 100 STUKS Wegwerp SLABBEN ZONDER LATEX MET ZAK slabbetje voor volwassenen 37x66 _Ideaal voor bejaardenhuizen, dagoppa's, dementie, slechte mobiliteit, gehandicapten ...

---*---

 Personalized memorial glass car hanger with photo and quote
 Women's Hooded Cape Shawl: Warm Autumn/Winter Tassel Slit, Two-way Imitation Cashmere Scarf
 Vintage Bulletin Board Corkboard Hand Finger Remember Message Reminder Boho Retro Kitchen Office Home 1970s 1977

---*---

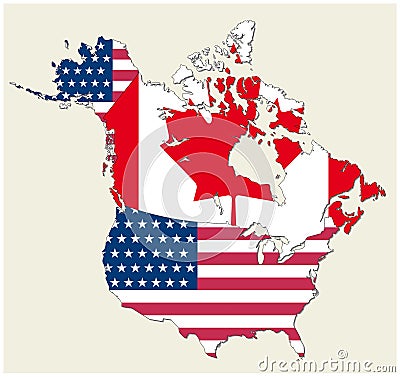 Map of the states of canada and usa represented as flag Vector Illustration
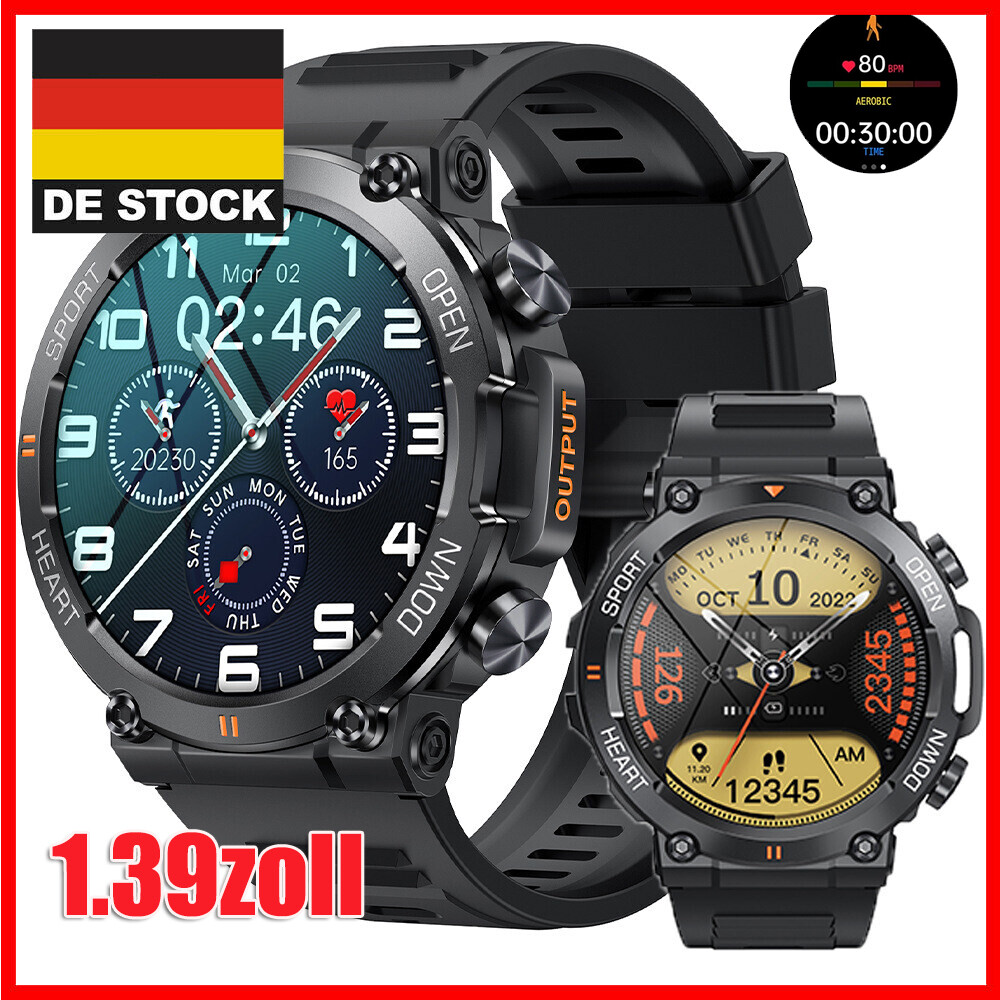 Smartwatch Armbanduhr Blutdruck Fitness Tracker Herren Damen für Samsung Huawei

---*---

Work instructions
Above are some lines. Repeat exactly, and only, those from the line that has "Personalized memorial glass" through the line that has "Vintage Bulletin Board".

Solution below
 Personalized memorial glass car hanger with photo and quote
 Women's Hooded Cape Shawl: Warm Autumn/Winter Tassel Slit, Two-way Imitation Cashmere Scarf
 Vintage Bulletin Board Corkboard Hand Finger Remember Message Reminder Boho Retro Kitchen Office Home 1970s 1977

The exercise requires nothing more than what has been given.